What is being asked
Without the images, print every line of the material below exactly as given.

[Supplied data Boundary: Start]

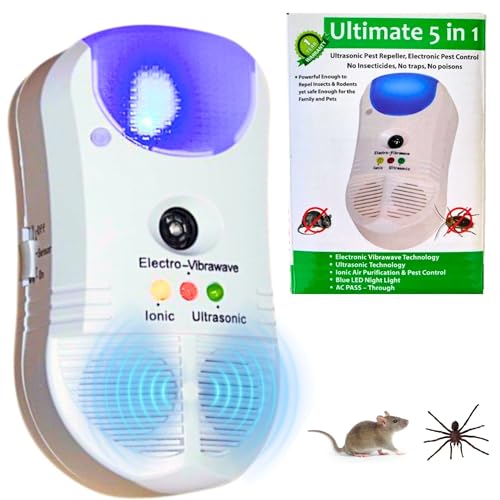 Ultrasonic Pest Repeller Rodent Repellent - Electronic Plug In Control for Rats Mouse Mice Insects Spiders Bugs Cockroaches Advanced 2018 Device Safe for Humans & Pets Chemical Free for Home Business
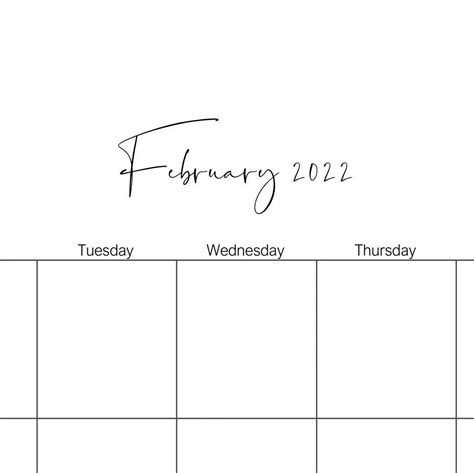 Printable Blank Calendar 2022 Classic Calendar Etsy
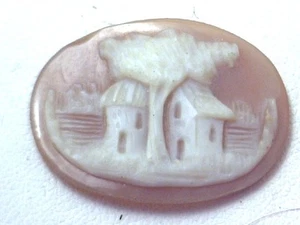 NOS Antique Vintage Hand Carved Oval Shell CAMEO Stone House & Tree Scene #N404 - Picture 1 of 2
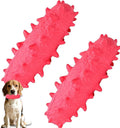 2 Pack Dog Toys for Aggressive Chewers, Tough Puppy Chew Toys Teething Bone for Puppies, Soft Foaming Rubber Interactive Toys for Small Medium Breed (Pink)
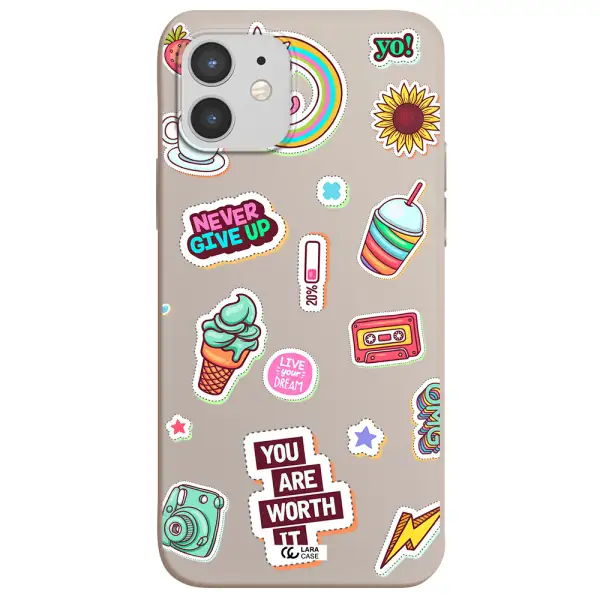 Summer Stickers Apple iPhone 12 mini Silicone Stone Case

[Supplied data Boundary: End]

Solution for this task
 Ultrasonic Pest Repeller Rodent Repellent - Electronic Plug In Control for Rats Mouse Mice Insects Spiders Bugs Cockroaches Advanced 2018 Device Safe for Humans & Pets Chemical Free for Home Business
 Printable Blank Calendar 2022 Classic Calendar Etsy
 NOS Antique Vintage Hand Carved Oval Shell CAMEO Stone House & Tree Scene #N404 - Picture 1 of 2
 2 Pack Dog Toys for Aggressive Chewers, Tough Puppy Chew Toys Teething Bone for Puppies, Soft Foaming Rubber Interactive Toys for Small Medium Breed (Pink)
 Summer Stickers Apple iPhone 12 mini Silicone Stone Case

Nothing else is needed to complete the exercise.